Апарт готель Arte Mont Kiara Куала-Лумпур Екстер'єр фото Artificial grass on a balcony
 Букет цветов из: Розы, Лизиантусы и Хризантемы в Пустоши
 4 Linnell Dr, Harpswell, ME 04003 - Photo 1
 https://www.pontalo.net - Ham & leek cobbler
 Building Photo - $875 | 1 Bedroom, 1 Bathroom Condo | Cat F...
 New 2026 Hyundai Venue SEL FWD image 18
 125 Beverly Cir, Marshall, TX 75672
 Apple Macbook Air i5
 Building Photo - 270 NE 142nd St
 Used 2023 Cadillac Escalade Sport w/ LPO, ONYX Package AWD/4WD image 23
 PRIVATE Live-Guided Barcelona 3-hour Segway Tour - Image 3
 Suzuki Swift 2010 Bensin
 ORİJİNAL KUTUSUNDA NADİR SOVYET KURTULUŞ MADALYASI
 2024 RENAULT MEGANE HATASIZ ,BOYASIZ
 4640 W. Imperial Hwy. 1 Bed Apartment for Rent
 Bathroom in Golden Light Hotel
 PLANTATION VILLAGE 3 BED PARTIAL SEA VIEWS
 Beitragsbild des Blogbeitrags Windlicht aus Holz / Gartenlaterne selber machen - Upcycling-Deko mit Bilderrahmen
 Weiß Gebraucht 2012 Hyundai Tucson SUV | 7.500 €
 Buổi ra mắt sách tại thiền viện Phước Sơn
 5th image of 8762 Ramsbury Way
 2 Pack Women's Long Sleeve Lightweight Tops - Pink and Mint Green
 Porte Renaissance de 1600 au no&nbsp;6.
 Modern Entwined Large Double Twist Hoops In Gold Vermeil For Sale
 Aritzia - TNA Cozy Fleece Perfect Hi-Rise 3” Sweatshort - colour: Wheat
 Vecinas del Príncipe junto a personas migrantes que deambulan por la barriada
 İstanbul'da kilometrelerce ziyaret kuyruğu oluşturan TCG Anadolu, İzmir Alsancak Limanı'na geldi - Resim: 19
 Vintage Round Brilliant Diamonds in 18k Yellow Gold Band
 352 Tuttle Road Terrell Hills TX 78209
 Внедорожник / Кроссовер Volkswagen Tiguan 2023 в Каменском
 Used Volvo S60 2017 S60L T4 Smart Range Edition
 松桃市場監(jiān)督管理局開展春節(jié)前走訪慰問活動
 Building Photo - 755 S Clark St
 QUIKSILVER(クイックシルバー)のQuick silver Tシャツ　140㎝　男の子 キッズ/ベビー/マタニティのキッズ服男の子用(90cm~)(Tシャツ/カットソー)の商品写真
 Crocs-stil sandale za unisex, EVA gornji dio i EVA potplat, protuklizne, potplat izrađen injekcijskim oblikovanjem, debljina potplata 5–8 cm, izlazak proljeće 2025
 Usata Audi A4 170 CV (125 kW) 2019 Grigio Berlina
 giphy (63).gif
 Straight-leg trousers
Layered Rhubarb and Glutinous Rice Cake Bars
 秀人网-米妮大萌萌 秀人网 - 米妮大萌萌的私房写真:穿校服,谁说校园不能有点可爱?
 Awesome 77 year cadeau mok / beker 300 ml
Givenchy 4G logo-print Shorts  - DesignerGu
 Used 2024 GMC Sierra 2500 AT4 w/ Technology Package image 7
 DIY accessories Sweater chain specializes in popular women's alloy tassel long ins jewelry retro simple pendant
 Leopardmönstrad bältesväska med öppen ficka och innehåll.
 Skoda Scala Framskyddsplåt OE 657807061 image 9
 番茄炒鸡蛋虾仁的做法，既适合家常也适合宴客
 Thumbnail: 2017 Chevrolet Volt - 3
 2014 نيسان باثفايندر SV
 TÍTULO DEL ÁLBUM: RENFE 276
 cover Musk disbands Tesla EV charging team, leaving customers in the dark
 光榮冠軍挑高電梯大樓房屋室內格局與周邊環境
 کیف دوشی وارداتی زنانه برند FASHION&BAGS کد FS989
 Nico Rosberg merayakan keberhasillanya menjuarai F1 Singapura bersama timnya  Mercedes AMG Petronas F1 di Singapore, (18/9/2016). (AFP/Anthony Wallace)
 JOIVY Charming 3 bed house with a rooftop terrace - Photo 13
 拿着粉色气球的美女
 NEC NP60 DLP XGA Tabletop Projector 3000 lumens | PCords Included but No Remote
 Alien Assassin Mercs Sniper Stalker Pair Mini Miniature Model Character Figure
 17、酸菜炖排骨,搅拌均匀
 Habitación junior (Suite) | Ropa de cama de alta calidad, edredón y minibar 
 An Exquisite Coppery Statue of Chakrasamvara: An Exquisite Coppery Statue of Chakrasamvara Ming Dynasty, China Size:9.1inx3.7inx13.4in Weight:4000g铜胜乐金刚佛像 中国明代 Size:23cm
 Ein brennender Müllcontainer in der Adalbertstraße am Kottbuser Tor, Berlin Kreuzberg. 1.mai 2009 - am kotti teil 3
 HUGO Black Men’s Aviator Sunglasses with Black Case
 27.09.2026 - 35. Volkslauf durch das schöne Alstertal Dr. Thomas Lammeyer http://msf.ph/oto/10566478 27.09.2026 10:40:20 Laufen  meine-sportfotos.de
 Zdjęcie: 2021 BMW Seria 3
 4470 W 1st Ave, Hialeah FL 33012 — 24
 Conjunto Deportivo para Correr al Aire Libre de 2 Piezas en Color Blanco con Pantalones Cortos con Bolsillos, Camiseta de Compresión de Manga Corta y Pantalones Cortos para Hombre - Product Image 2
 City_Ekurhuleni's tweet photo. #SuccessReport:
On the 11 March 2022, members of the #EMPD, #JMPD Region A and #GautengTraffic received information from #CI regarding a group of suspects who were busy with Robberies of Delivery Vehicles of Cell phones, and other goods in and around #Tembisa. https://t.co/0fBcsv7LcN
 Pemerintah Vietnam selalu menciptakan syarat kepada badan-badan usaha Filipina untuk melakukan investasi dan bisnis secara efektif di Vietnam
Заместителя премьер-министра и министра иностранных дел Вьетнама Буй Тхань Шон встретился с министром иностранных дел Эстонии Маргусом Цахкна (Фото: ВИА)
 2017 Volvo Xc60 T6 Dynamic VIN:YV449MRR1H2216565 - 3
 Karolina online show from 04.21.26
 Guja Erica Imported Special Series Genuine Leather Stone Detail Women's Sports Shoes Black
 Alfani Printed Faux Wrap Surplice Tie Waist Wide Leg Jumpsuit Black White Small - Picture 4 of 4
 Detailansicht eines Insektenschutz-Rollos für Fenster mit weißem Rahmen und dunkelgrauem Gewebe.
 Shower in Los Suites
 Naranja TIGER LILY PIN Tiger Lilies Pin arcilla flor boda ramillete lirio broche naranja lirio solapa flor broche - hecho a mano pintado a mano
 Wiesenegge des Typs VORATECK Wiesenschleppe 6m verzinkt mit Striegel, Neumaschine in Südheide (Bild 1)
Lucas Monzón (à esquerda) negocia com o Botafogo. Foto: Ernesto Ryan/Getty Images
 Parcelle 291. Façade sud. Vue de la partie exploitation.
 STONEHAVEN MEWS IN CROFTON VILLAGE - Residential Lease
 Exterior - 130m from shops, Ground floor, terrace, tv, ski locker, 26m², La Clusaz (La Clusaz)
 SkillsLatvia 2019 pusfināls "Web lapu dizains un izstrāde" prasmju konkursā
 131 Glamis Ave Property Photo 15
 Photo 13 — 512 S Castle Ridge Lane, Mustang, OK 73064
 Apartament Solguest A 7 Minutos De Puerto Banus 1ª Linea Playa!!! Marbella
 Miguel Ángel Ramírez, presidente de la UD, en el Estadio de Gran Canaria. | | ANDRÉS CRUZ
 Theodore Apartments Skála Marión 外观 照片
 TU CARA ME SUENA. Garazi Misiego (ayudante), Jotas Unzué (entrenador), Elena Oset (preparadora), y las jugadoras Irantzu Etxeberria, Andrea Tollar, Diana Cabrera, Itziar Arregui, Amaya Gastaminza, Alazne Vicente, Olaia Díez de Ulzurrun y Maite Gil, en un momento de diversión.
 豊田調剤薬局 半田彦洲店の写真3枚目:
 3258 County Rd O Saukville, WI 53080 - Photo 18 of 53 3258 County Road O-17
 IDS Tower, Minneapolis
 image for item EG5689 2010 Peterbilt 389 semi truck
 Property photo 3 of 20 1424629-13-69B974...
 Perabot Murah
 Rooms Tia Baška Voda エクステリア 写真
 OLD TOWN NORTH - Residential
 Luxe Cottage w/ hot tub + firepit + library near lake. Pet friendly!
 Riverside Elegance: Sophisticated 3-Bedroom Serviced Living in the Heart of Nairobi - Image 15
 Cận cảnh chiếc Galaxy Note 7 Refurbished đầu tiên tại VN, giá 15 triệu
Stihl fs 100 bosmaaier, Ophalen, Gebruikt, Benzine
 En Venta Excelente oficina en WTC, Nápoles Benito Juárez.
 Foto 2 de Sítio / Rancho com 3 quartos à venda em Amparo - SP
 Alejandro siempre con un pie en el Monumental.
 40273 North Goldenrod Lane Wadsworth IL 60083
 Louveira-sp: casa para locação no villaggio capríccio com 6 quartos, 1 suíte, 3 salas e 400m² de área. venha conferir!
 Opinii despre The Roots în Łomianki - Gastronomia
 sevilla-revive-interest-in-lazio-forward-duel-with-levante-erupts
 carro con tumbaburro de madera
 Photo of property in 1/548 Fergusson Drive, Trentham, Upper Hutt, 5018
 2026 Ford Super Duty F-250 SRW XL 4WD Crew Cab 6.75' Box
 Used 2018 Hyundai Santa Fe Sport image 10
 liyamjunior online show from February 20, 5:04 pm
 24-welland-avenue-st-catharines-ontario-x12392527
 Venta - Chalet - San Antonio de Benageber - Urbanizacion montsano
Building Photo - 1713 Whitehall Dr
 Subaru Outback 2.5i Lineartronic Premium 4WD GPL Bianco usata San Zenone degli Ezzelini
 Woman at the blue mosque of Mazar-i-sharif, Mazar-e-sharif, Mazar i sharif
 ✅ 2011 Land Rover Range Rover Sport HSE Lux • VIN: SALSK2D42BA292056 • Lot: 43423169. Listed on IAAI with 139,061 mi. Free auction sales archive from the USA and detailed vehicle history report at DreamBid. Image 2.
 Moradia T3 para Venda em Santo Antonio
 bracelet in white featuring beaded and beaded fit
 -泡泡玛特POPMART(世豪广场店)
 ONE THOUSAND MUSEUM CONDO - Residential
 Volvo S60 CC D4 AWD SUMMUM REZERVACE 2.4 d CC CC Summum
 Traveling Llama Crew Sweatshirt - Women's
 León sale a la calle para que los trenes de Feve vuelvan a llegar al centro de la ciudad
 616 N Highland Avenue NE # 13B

*Task goal*
In the entries above, find the line with "https://www.pontalo.net - Ham & leek cobbler" and the line with "Used 2023 Cadillac", then restate word for word both of them and every line between, with nothing more.

*Task answer*
 https://www.pontalo.net - Ham & leek cobbler
 Building Photo - $875 | 1 Bedroom, 1 Bathroom Condo | Cat F...
 New 2026 Hyundai Venue SEL FWD image 18
 125 Beverly Cir, Marshall, TX 75672
 Apple Macbook Air i5
 Building Photo - 270 NE 142nd St
 Used 2023 Cadillac Escalade Sport w/ LPO, ONYX Package AWD/4WD image 23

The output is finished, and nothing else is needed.